Citing "Common Syro-Byzantine Tradition" +Philip Attempts To Offer Alternative Explanation For Last Minute Move of Seminarians
In a posting late yesterday afternoon on the Archdiocesan website, Metropolitan Philip attempted to justify moving three seminarians from the OCA's St. Vladimir's and St. Tikhon's Seminaries to Holy Cross Greek Orthodox Seminary by citing the "common Syro-Byzantine" liturgical and musical traditions between the Archdiocese and the Boston school. The statement reads:
"Statement Issued by Metropolitan's Office Regarding Placement of Antiochian Seminarians
From the Office of Metropolitan PHILIP:
Unfortunately, there has been much speculation and incorrect information on the Internet and elsewhere regarding our recent decision to send our incoming seminarians to Holy Cross Greek Orthodox School of Theology. This decision effected two students. The third new student was already planning to attend Holy Cross. Over the years we have tried to keep a balance between the distribution of our seminarians to various Orthodox seminaries here and abroad, especially St. Vladimir’s, St. Tikhon’s and Holy Cross. In fact, this year, we will have 10 students at St.
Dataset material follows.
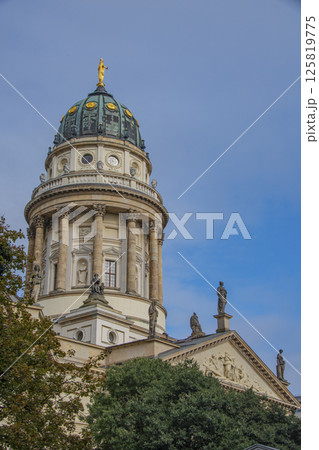 ドイツのベルリンの風景 125819775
Vladimir’s, 9 students at St. Tikhon’s and 6 students at Holy Cross.
It has been our primary concern over the years to insure a strong priestly formation for our future priests. While all three schools have helped us in accomplishing this task for generations of clergymen, we feel Holy Cross most closely mirrors the practices and customs of the Patriarchate of Antioch in general and the Antiochian Orthodox Archdiocese of North America in particular. This is true for a variety of reasons, first and foremost being the common Syro-Byzantine liturgical and musical tradition that we share. Given the changing demographics of the majority of our seminarians and the reality that many of them are not rooted in this Syro-Byzantine expression of our one Orthodox faith from birth, we feel it is vital to immerse them in this tradition in a more complete way. It is our hope to have our own seminary in the future. In fact, much of the foundational work has already been done. Nevertheless, since we do not have our own seminary at this point in time, we feel Holy Cross is best suited to accomplish the task at hand.
At the same time, however, we will and have always assessed the common needs and concerns of both the seminarians and the Archdiocese and therefore leave all doors open for the future with regard to their placement."
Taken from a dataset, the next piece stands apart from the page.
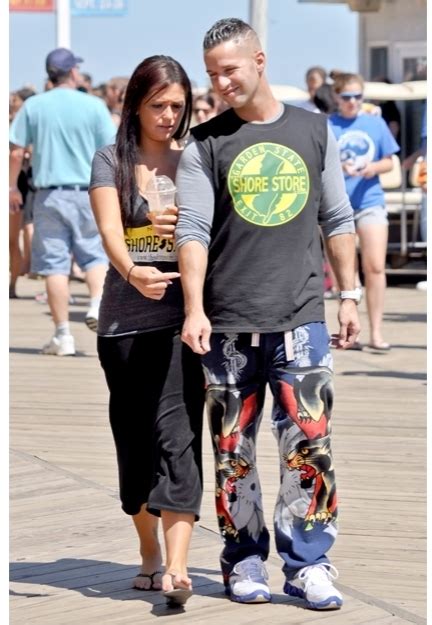 The Best Of Jersey Shore Fashion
Despite his criticisms of "speculation" concerning the move, the Metropolitan's statement did not address why this concern for "roots" manifested itself so suddenly, only three weeks before the start of the Fall term at both schools. Even more puzzling however, is the Metropolitan's claim that seminarian Stephen Mathewes (and his pregnant wife) were "not rooted in this Syro-Byzantine expression of our one Orthodox Faith" such that he felt " it was vital to immerse them in this tradition in a more complete way" by moving them to Boston. Was the Metropolitan not aware that Byzantine chanting from Mathewes' father's parish was recently featured on a nationwide PBS broadcast? (Read the story on the Antiochian.org website by clicking on the "more" link under news, and scrolling down to April 2009 stories. Or view the broadcast segment itself here.)
Rather than railing against websites, the Metropolitan might be better advised to check out his own.